Ambassador Ischinger has been actively associated with the EWI and has served on its Board of Directors since 2001.

The EWI established the John Edwin Mroz Global Statesman Award in memory of its late founder. This award recognizes people who share John’s vision of a peaceful world, who work passionately to achieve it and who embody his values as a trust-builder.

Excerpt from Wolfgang Ischinger's Acceptance Speech

This fall, Germans and Americans are celebrating the 30th anniversary of the fall of the Berlin Wall.
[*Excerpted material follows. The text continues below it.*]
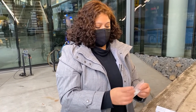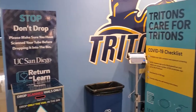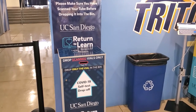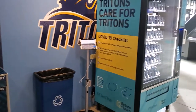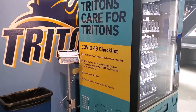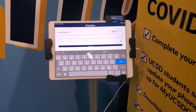Now I'm ready to walk back inside the Price Center and drop it off. The last step is to drop off only the vial in one of the drop-off locations. I use a drop-off location that's right next to the vending machine. As an additional tip, if you forget your phone or your phone's not working properly, you can use an iPad located next to the vending machine to scan your tube.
As a matter of fact, almost exactly 30 years ago today, my assignment was to accompany one of those trains carrying thousands of East German refugees from Prague to West Germany: the freedom trains.

What followed then – the international negotiating process culminating in German unification on October 3, 1990, our National Day which happens to be tomorrow – could never have been successfully concluded without the trust, the support, and the leadership of the United States.

In fact, Germany owes the United States a twofold debt of gratitude: First, for inviting post-war, post-Nazi Germany to join the West, to become a member of the Western community of nations. What a generous and historic decision that was!

And second, for pushing the unification process in 1989/1990 forward in a way which allowed unified Germany to be a member of both the European Union and of NATO. Again, a strategic decision of historic dimensions!

To my American friends I can only say this: Thank you for standing by us for these last 70 years. This will never be forgotten!

Looking at current tensions and disagreements in the transatlantic relationship, allow me to say this: We continue to need the U.S., we continue to need NATO, and we continue to need strong U.S. leadership in the Euro-Atlantic space. We need you even if we happen to have disagreements on certain policies, such as burden-sharing in NATO, Iran, or trade.
Because even if we manage to build a more powerful and more capable European Union, we will still want to preserve and maintain the closest possible transatlantic relationship, including through NATO.

And I hope Americans know that their best friends and allies overseas are in Europe – even if we may sometimes be really difficult friends. And I hope you and many Americans out there know that America will be greater and stronger with Europe than without Europe.

So let's resolve to engage, engage, engage with each other. Our children deserve a safer world. Together, we and the transatlantic alliance can help create and defend it!